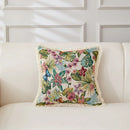 Axyaa Retro Cotton & Linen Throw Pillowcase 45x45 - Yarn-Dyed Jacquard Cover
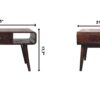 Curved Coffee Table - Walnut - Image 12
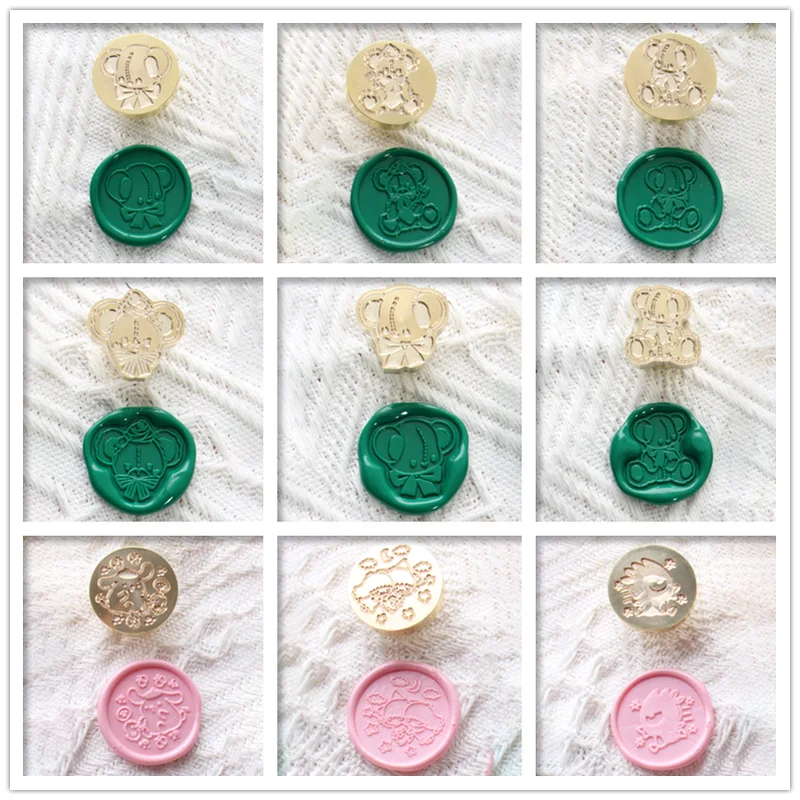 DIY счастливая собака домашнее животное мультфильм комиксы воск печатные головки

####################

■ Assignment: Reprint the data verbatim, pictures excluded.

■ Written answer:
 Axyaa Retro Cotton & Linen Throw Pillowcase 45x45 - Yarn-Dyed Jacquard Cover
 Curved Coffee Table - Walnut - Image 12
 DIY счастливая собака домашнее животное мультфильм комиксы воск печатные головки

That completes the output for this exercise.